Die Anweisung zum Bau der Emslandlager kam am 5. April 1933 aus dem von Ministerpräsident Hermann Göring geleiten Preußischen Innenministerium in Berlin. Regierungspräsident Bernhard Eggers in Osnabrück erhielt den Auftrag, im Emsland mehrere Konzentrationslager für 3000 bis 5000 politische Häftlinge einzurichten. In dieser Größenordnung hatten die faschistischen Machthaber in den Tagen und Wochen nach dem Reichstagsbrand am 28. Februar 1933 im Rheinland und im Ruhrgebiet in flächendeckenden Aktionen Kommunisten, Sozialdemokraten, Gewerkschafter, Gegner des Regimes jeglicher Couleur verhaftet. Im Emsland sollten sie isoliert werden. Entsprechend entstanden in kürzester Zeit drei Lager für 4000 Häftlinge: Börgermoor bis zum 1. Juli 1933, Esterwegen bis zum 1. August 1933 und das Lager Neusustrum im September 1933. In Börgermoor waren bis zu 90 Prozent der Häftlinge Kommunisten, Sozialdemokraten und Gewerkschafter. In Neusustrum standen zur »Begrüßung« der von einem 28 Kilometer langen Weg vom Bahnhof bis zum Lager total erschöpften Häftlinge offene Särge bereit. Im September 1936 gingen die letzten Häftlinge von Esterwegen auf »Transport« in das nahe bei Berlin neu errichtete KZ Sachsenhausen.
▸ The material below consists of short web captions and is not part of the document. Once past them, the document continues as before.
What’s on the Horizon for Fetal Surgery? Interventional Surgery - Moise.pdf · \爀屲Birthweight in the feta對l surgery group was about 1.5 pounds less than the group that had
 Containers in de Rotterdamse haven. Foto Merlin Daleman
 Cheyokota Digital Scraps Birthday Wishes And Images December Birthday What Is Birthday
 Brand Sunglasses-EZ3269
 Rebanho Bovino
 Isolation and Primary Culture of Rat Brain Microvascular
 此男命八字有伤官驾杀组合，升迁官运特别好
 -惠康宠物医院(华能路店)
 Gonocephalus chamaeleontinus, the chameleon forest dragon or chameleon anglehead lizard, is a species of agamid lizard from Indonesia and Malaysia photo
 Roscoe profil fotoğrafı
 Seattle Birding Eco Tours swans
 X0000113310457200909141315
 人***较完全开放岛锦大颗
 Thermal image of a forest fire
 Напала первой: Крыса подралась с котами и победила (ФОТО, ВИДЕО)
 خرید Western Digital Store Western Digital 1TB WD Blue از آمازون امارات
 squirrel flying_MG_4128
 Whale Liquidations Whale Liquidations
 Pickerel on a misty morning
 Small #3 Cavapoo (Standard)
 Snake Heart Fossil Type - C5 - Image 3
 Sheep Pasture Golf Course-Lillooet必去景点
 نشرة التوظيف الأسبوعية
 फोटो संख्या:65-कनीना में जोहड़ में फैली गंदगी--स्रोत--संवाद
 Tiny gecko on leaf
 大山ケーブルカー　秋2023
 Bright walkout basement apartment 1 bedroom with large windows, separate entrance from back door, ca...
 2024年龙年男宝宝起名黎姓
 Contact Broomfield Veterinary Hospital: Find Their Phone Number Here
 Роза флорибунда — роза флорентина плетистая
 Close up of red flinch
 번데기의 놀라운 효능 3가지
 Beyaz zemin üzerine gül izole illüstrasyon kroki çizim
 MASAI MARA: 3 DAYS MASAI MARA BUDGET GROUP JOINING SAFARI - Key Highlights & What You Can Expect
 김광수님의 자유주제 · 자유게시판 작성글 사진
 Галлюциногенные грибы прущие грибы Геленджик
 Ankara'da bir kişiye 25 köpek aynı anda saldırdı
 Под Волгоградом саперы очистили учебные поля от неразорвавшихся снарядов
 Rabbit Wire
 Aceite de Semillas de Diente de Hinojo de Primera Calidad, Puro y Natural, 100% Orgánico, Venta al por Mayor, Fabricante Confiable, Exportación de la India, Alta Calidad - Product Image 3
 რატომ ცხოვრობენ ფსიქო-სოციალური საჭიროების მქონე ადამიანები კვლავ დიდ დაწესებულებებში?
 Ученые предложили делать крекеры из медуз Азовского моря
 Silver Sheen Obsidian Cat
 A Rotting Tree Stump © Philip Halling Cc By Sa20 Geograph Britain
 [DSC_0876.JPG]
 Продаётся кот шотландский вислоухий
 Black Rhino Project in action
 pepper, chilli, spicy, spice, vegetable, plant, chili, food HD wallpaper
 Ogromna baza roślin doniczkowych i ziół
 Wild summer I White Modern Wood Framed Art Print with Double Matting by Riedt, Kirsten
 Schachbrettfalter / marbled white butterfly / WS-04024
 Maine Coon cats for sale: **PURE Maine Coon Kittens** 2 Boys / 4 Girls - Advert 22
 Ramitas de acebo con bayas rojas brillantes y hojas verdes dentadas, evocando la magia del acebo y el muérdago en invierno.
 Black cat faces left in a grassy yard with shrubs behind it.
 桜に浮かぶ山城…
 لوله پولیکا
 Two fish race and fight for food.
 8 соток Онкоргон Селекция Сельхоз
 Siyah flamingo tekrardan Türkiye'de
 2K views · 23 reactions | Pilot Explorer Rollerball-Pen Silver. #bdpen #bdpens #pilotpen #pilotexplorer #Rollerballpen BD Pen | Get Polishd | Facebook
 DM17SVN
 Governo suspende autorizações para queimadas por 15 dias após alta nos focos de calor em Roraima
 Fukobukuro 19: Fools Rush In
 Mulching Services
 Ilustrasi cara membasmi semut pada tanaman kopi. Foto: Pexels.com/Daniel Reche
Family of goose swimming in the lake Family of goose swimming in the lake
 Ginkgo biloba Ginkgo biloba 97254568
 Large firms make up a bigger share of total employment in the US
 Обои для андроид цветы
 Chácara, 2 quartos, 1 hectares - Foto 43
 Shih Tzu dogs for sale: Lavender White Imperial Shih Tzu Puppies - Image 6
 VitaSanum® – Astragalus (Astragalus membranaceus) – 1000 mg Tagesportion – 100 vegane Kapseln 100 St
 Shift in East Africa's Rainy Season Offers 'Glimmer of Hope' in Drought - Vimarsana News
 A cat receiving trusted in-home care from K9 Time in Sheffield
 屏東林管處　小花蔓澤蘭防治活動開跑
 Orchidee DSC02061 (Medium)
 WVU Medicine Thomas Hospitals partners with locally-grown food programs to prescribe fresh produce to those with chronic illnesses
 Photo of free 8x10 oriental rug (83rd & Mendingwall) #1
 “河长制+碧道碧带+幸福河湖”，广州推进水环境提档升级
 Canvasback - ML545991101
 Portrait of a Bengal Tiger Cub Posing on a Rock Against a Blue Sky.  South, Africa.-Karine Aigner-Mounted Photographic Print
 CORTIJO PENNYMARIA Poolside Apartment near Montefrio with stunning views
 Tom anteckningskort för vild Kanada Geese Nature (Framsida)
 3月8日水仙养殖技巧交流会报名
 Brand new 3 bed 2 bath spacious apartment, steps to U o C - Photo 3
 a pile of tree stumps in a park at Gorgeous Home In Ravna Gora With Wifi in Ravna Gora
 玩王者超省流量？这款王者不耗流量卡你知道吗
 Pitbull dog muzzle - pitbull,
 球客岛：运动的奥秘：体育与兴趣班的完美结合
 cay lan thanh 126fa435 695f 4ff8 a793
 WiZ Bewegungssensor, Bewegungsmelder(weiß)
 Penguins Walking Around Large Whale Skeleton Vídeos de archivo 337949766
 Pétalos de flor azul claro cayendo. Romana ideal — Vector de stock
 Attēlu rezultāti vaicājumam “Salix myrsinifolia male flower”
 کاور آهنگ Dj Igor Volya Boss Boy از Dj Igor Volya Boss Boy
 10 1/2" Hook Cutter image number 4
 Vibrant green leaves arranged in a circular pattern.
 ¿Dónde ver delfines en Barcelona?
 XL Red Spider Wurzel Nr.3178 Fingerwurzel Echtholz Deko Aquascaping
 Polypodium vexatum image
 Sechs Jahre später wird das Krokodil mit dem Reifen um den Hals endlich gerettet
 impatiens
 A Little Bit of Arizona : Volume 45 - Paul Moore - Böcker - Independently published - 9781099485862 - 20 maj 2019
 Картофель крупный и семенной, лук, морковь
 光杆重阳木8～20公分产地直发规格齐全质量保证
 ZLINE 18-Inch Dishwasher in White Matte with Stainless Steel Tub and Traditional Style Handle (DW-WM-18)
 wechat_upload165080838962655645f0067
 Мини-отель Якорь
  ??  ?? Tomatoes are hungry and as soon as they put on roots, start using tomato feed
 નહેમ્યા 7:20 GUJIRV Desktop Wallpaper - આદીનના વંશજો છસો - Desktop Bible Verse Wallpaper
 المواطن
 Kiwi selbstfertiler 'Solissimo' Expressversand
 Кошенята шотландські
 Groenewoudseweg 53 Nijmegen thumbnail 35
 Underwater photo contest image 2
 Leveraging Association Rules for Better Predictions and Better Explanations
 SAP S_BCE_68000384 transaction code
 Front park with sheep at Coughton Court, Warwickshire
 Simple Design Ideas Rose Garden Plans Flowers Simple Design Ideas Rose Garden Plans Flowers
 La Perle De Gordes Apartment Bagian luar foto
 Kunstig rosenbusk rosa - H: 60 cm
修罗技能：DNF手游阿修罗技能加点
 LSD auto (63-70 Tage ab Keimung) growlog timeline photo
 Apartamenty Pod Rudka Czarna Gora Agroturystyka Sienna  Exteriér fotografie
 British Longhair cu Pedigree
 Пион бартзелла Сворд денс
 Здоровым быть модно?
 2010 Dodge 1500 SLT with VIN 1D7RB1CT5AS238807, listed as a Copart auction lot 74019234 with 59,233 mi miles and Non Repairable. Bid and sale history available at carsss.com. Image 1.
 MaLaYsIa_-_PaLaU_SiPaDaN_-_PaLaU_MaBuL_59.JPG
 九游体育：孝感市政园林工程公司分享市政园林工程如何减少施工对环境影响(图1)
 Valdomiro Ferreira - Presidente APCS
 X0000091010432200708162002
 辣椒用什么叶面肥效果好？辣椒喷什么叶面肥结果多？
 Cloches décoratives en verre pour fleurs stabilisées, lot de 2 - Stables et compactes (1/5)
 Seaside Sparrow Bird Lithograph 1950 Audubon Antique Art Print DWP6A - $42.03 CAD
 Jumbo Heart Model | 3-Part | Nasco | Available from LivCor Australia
Über den maßlosen Terror der SS im Lager Börgermoor, das ab 1. Juli 1933 bereits unter dem Kommando der SS stand, hat der Schauspieler und spätere Intendant des Deutschen Theaters in Berlin, Wolfgang Langhoff in seinem Bericht »Die Moorsoldaten. 13 Monate Konzentrationslager« erschütternde Einzelheiten geschildert. Aber auch über den Widerstand der Häftlinge und die Entstehung des Moorsoldatenliedes, das in einer von der illegalen Häftlingsleitung organisierten Kulturveranstaltung »Zirkus Konzentrazani« erstmals durch 16 Häftlinge im Beisein der SS öffentlich gesungen wurde. Langhoff nutzte eine von der SS zu Pfingsten angeordnete Veranstaltung, den Häftlingen Mut zu machen, »obwohl wir Humor und Galgen noch nie so dicht beieinander erlebt haben«.

Als im Sommer des Jahres 2000 erstmals im Gemeinderat in einer nichtöffentlichen Sitzung über das »sensible Thema« der Errichtung einer Gedenkstätte in Erstwegen gesprochen wurde, befanden Gemeindevertreter, eigentlich sei man »schon drei Schritte zu weit gegangen«. Es bleibt zu hoffen, dass beim Festakt am 21. Oktober die Festredner nicht diejenigen vergessen, die durch ihr jahrzehntelanges Engagement die Schritte zur nun vollendeten Gedenkstätte durchgesetzt haben.